Is One Direction's "What Makes You Beautiful" the song you want engraved on your heart when you die? Probably not. First, they're a manufactured boy band from The X Factor. Second, being the first British act ever to go straight to the top of the US album charts, they're way too popular. Third, from that suspiciously "Summer-Nights"-like intro to its generic college, bubblegum pop/rock chorus, it feels like one of those songs shamelessly created by a Stock-Aitken-Waterman-like production team in order horribly to manipulate you.
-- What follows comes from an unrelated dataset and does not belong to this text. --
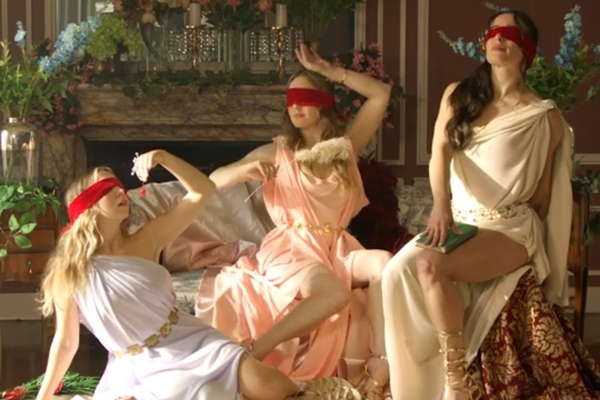 high society dailymotion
But did you know that in the future things will be very, very different? In 2037, to be precise, it will be featured in the finale of the acclaimed seven-series vidcast The Gargleplexes about the bloody adventures of a mob family operating in New New Jersey in the Crab Nebula. The enigmatic final minutes will show the hero Tony Gargleplex debating over which song to play as his wife joins him for a synthiburger in the cantina. His finger hovers over Black Lace's "Agadoo". Then Jason & Kylie's "Especially for You". But at last he settles for One Direction's "What Makes You Beautiful". And lo, the song will immediately assume the status of a 24-carat eternal classic!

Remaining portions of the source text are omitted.